Date of Award


Document Type

Open Access Dissertation



First Advisor

April Hiscox


Carbon exchanges between the atmosphere and the land surface vary in space and time, and are highly dependent on land cover type. It is important to quantify these exchanges to understand how landscapes affect the carbon budget, which will have a significant impact on future climate change and will inform climate change projections. However, how do you represent regional carbon exchanges from a single meteorological station? A single observing station will represent a limited area around the station, but each individual observation will sample a different physical land area in time due to varying wind speeds, wind direction, and atmospheric stability. The methods and techniques presented address the challenges, limitations, and future work that is needed to properly scale and model carbon exchanges in four dimensions for varying agricultural and transitioning ecotones. Seasonal variability of carbon exchanges can be modeled in agricultural land covers using satellite-based techniques, but due to physiological differences in crop types the values must be modeled by crop species.

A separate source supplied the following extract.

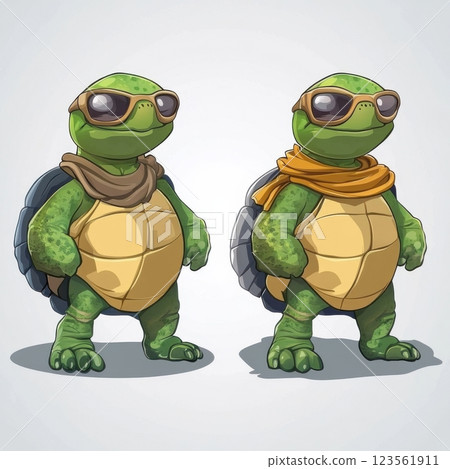 Cartoon Turtle Character with Sunglasses and Accessories Isolated 123561911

The spatially varying atmospheric conditions must also be considered when modeling carbon exchanges from a single point in the spatial realm because of the dependency of carbon exchange on temperature and humidity conditions. In summary, field-based carbon exchange observations are used to quantify whether a specific land cover in a region is a carbon source to carbon sink to the atmosphere, however, it is important to consider the spatially varying variables that limit the ability of a single point measurement to represent carbon exchanges of an entire region.